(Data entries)
------------

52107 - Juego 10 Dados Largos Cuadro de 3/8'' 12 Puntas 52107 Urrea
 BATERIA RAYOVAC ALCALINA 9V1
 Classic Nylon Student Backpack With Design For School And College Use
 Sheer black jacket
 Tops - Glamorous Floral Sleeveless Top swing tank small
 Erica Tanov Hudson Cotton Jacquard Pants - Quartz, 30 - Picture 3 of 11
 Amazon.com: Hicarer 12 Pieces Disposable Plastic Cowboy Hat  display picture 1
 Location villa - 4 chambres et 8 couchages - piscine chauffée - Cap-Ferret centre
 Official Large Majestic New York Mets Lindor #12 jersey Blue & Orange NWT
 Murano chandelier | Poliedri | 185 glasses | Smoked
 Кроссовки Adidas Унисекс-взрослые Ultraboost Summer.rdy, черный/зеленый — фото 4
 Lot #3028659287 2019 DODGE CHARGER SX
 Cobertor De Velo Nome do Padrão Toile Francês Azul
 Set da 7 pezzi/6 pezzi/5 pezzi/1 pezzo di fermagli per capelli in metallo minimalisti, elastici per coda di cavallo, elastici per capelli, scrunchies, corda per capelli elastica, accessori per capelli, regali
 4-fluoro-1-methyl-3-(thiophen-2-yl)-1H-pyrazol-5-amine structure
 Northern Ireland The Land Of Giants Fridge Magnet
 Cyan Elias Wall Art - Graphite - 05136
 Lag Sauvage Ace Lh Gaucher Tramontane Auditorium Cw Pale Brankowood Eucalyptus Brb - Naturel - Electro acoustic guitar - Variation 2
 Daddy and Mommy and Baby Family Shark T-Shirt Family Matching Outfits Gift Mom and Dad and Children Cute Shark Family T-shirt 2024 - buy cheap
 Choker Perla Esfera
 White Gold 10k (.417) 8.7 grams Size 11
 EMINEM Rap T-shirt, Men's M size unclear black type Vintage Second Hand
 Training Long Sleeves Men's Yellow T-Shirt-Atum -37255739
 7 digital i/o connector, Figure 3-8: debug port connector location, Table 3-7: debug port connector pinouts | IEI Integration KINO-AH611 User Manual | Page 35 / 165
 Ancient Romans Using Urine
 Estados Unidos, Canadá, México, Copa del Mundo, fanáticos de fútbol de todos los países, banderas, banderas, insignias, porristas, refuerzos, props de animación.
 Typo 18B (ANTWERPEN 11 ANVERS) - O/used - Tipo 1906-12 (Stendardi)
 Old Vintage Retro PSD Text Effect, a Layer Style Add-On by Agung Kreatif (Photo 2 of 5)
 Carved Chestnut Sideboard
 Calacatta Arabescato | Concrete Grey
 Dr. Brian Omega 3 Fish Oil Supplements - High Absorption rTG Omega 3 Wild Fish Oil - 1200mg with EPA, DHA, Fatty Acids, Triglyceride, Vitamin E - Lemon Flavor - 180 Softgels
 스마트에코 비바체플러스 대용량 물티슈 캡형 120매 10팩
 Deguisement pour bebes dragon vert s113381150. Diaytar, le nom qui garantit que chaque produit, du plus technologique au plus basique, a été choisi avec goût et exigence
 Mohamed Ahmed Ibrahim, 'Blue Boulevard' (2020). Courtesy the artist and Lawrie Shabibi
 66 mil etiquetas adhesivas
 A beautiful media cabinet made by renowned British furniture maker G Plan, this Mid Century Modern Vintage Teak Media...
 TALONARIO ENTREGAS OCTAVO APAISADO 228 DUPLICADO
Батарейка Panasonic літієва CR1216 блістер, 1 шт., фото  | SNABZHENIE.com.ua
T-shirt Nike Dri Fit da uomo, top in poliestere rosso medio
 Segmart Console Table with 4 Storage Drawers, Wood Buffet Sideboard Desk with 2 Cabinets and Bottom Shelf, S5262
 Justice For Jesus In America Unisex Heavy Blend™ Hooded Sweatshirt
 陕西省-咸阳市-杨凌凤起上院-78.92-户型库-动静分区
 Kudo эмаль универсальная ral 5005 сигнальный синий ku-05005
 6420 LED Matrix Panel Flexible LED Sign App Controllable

------------

ACTIVITY -
Where the data above reaches the line holding "Ancient Romans Using Urine", begin printing, and stop after the line holding "Calacatta Arabescato | Concrete Grey". Each line must be reproduced exactly, with nothing else added.

RESULT FOR THIS TASK -
 Ancient Romans Using Urine
 Estados Unidos, Canadá, México, Copa del Mundo, fanáticos de fútbol de todos los países, banderas, banderas, insignias, porristas, refuerzos, props de animación.
 Typo 18B (ANTWERPEN 11 ANVERS) - O/used - Tipo 1906-12 (Stendardi)
 Old Vintage Retro PSD Text Effect, a Layer Style Add-On by Agung Kreatif (Photo 2 of 5)
 Carved Chestnut Sideboard
 Calacatta Arabescato | Concrete Grey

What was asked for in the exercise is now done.